• _About this exercise_
No pictures go into the copy. Write out every line below exactly.

• _Given data_
========================================
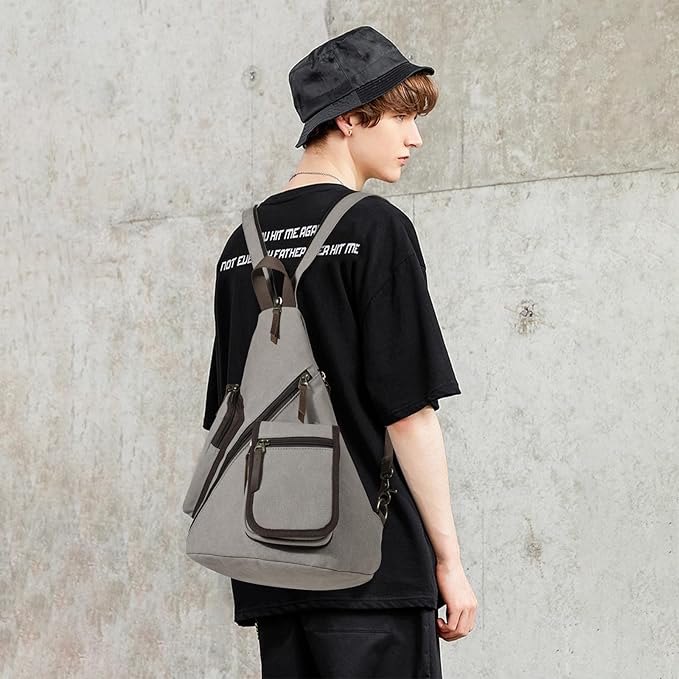 KL928 Canvas Sling Bag - Casual Crossbody Shoulder Daypack Rucksack Backpack for Men Women, Leaden
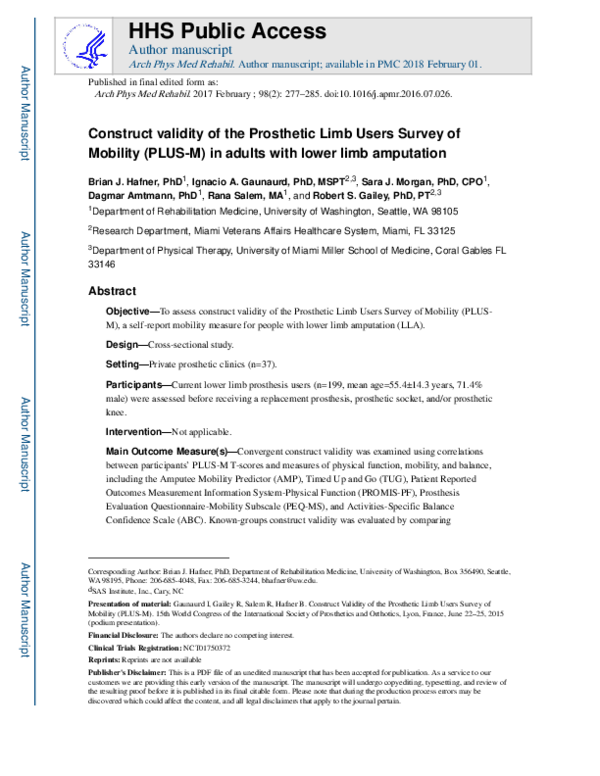 (PDF) Construct Validity of the Prosthetic Limb Users Survey of ...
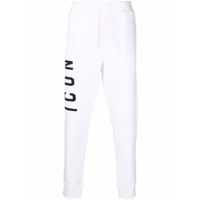 dsquared2 pantalon de jogging fuselé à logo imprimé - blanc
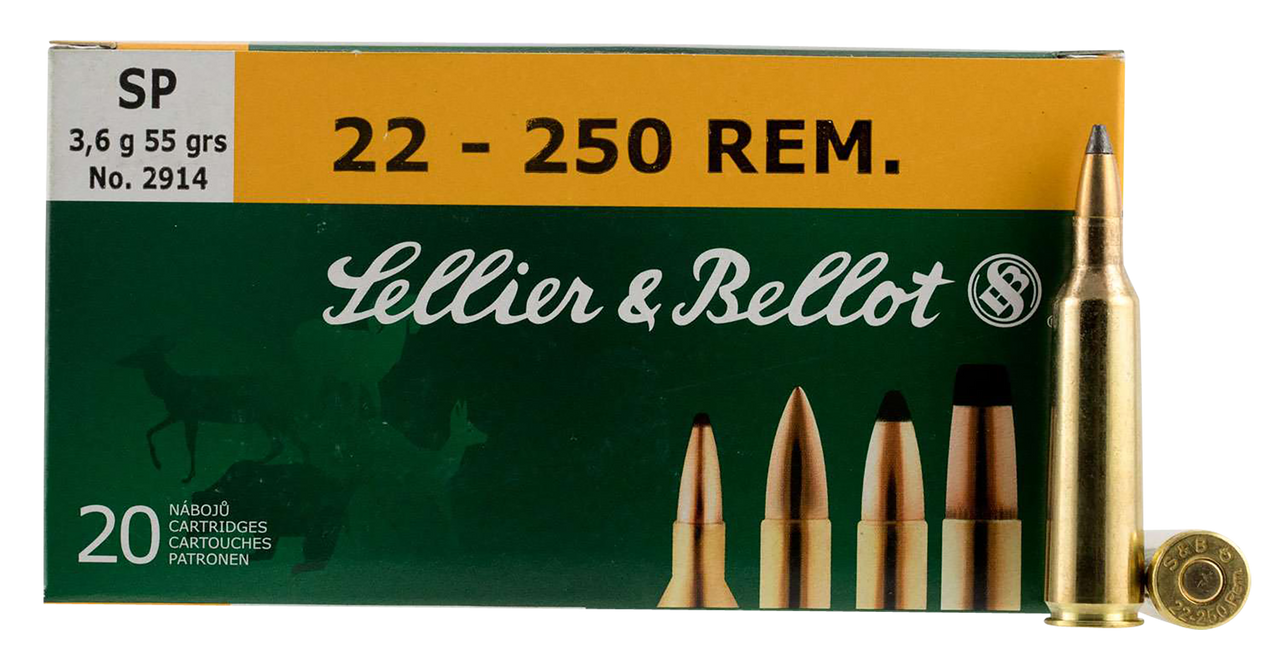 Sellier-Bellot .22-250 Remington 55gr SP – 20rd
========================================
• _Solved problem_
 KL928 Canvas Sling Bag - Casual Crossbody Shoulder Daypack Rucksack Backpack for Men Women, Leaden
 (PDF) Construct Validity of the Prosthetic Limb Users Survey of ...
 dsquared2 pantalon de jogging fuselé à logo imprimé - blanc
 Sellier-Bellot .22-250 Remington 55gr SP – 20rd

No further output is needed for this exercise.